Leave the cathedral, turn left, and walk no more than a hundred feet across the street, and you find the public library. This short stroll of less than a minute takes the curious reader across the chasm of centuries in time and cultural privilege. Just as the Protestant Reformation championed the idea that the Bible should be available to all, improved literacy and wider concern for the dispossessed has opened not just the “Book of Books” but all books to a vast audience. Libraries are centres of this egalitarianism where every book is free to any person – a place that welcomes everyone, young or old, literate or analphabetic, seeking books, company, wi-fi, shelter from heat or rain ...
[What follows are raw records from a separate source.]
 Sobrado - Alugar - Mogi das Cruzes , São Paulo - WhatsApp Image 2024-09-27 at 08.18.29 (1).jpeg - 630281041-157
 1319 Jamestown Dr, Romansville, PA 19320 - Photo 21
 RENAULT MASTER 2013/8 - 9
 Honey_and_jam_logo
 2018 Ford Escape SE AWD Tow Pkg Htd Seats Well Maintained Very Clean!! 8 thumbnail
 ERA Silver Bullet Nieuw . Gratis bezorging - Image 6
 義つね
The history of libraries binds within it a history of culture. To follow the trials and triumphs of our houses of literature is to chart the values held by societies through time and place. The first collections of our earliest writings mark something profound about us as a species, and it is also clear that the closures of libraries throughout the UK today is about more than the loss of particular buildings. Alberto Manguel once wrote:
“Symbolically, the ancient world ends with the destruction of the Library of Alexandria; symbolically, the twentieth century ends with the rebuilding of the library of Sarajevo.”
This is not to say that the destruction of art and literature is long behind us and we are now irreversibly more civilised – after all, the library in Sarajevo only needed rebuilding after it was shelled during the siege of 1992. And what greater destruction can be imagined than the Holocaust and gulags of the last century? Manguel’s symbolic view of history is all about where we place our emphasis and what we set our sights on. Those of us who love literature symbolically unite with those who rebuilt the National Library in Sarajevo in our stand against those who would desecrate our public libraries today. After all, bombs are not the only way to destroy them when you have budget cuts.
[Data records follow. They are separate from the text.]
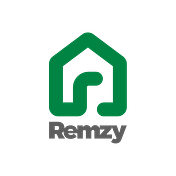 Medium profile picture for @remzy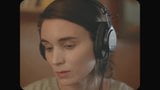 Rooney Mara Supercut snapshot 10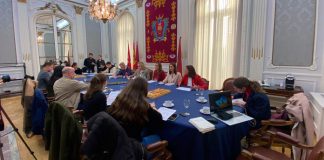 El ICAM pone en marcha una campaña de defensa de las abogadas amenazadas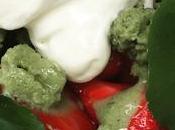 Mamagoto bistrot franco-nippon tendance près gare l’est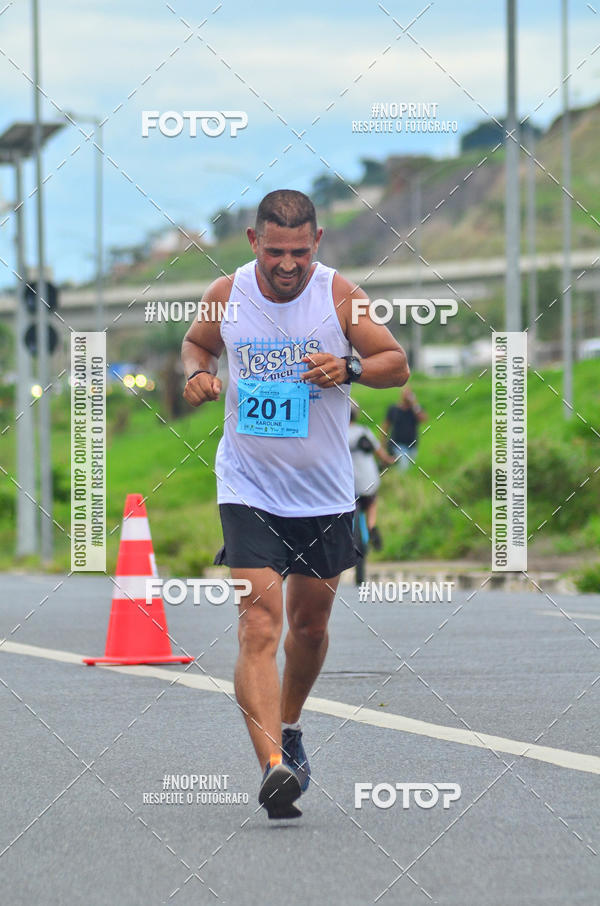 Buy your photos of the eventCIRCUITO CIDADE ATIVA 2019 - 4� ETAPA on Fotop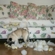Fab8c07c338_st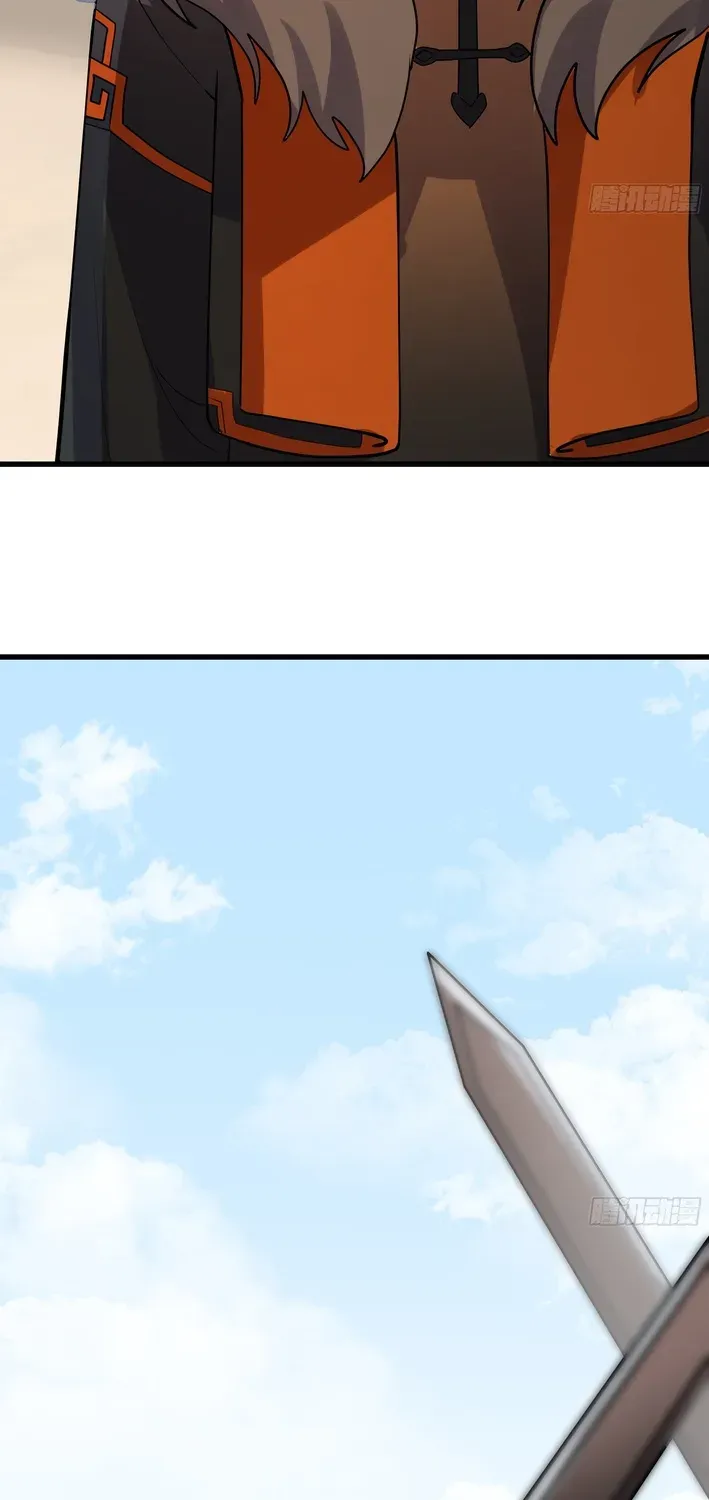 Never Mess with Hyung Chapter 5 page 36 -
The shift from private to public is just one way in which the concept of a library – and the purposes of reading itself – has changed. The stereotype of the shushing librarian, rooms full of readers silently following the lines of text with their mouths shut, would be unrecognisable to earlier readers. The ancient Greeks and Romans, lacking punctuation to end sentences or allow for pauses, read texts out loud. This continued into the early Medieval Period. In his Confessions, Augustine tells us of his shock at seeing St. Ambrose reading silently:
“... his eyes scanned the page and his heart explored the meaning, but his voice was silent and his tongue was still.”
For a believer like Augustine, reading out loud not only aided comprehension but channelled the very source of the Scriptures, the word of God, which spoke the world into existence. But this power has not been lost. Just as the word brought our shared cosmos into being, our silent incantations of a text within our own heads bring private worlds to life. Such solipsism is a necessary counterpoint to reading becoming a public affair – a room of people each reading out loud from different books would soon end the project – but it can be a lonely endeavour in a room of one. It’s glibly said that you are never alone when you have a book, but the truth of this can only extend so far; book groups, online reading forums, and libraries all attest to the necessity of sharing our literary experiences.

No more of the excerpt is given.